(Source records)
• • • •

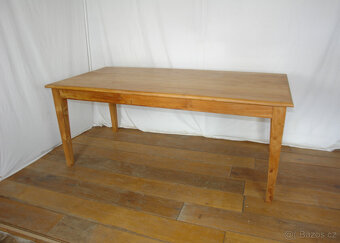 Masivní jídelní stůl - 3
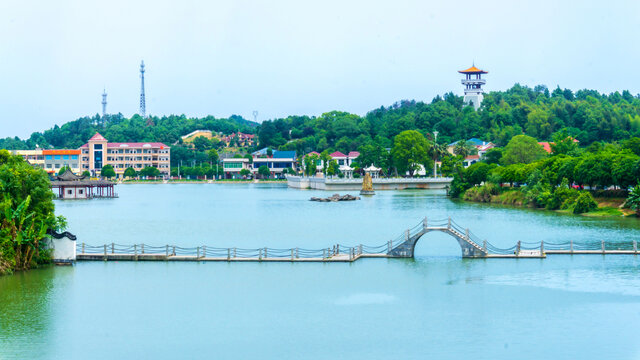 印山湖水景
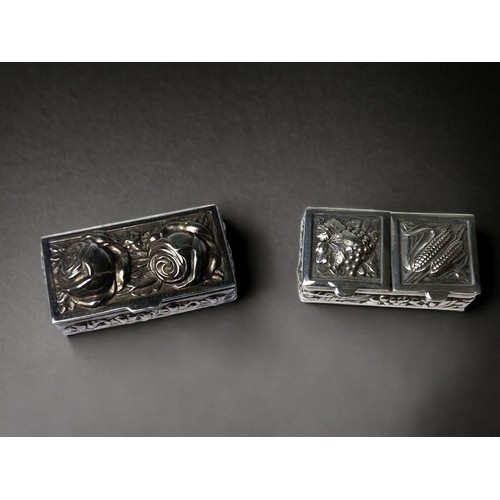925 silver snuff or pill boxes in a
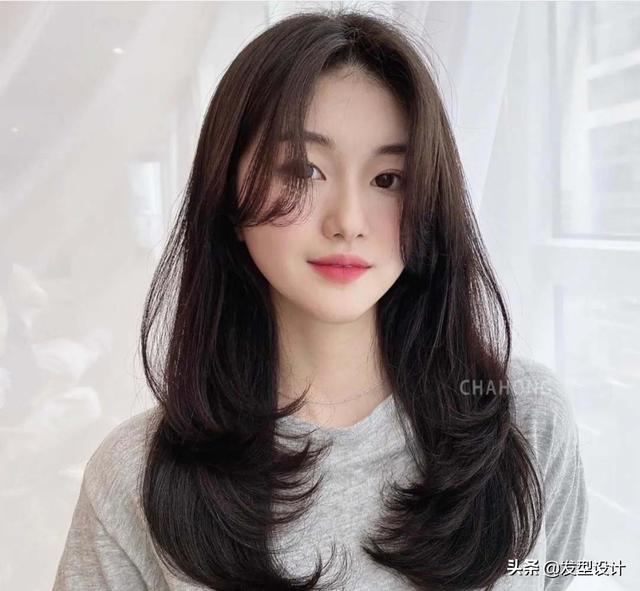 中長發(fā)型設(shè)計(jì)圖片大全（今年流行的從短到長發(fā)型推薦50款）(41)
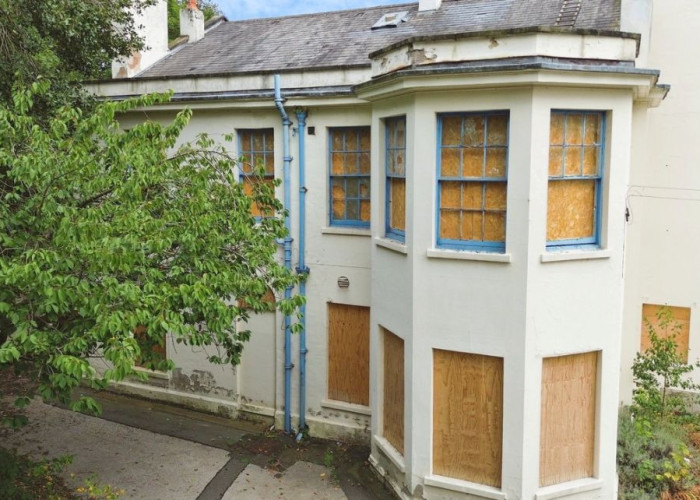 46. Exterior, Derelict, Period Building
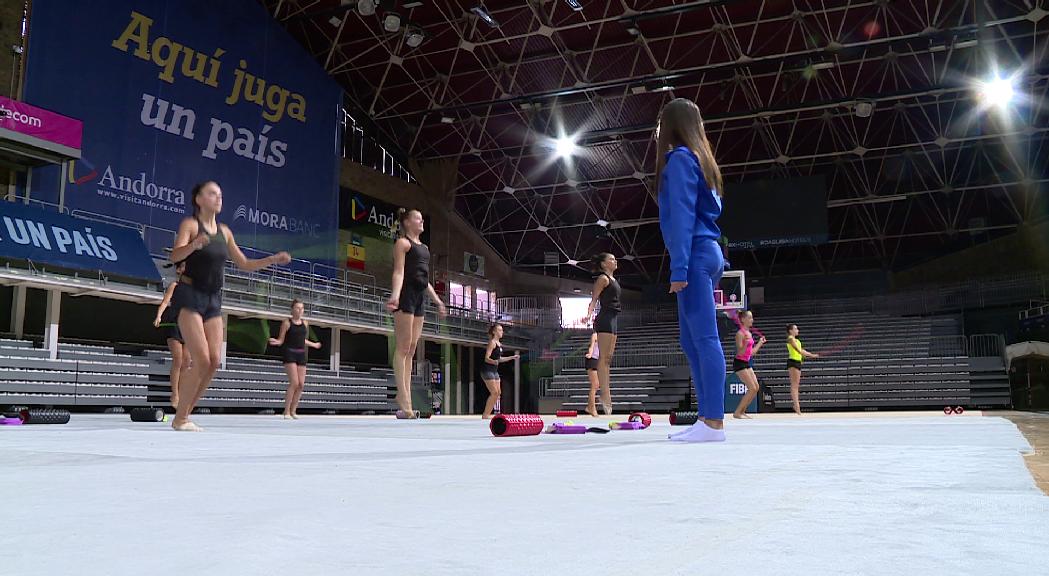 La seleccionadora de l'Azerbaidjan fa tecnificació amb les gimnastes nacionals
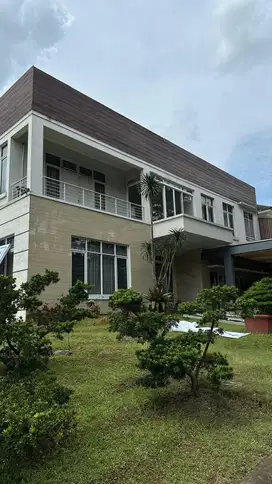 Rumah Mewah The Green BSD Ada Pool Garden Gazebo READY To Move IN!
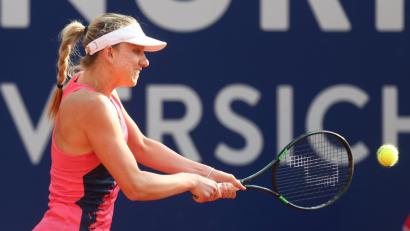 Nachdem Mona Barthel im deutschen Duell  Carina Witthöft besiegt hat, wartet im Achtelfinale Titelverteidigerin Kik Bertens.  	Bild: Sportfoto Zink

• • • •

● **Task details**:
Print all entries exactly; skip the pictures.

● **Answer section**:
 Masivní jídelní stůl - 3
 印山湖水景
925 silver snuff or pill boxes in a
 中長發(fā)型設(shè)計(jì)圖片大全（今年流行的從短到長發(fā)型推薦50款）(41)
 46. Exterior, Derelict, Period Building
 La seleccionadora de l'Azerbaidjan fa tecnificació amb les gimnastes nacionals
 Rumah Mewah The Green BSD Ada Pool Garden Gazebo READY To Move IN!
 Nachdem Mona Barthel im deutschen Duell  Carina Witthöft besiegt hat, wartet im Achtelfinale Titelverteidigerin Kik Bertens.  	Bild: Sportfoto Zink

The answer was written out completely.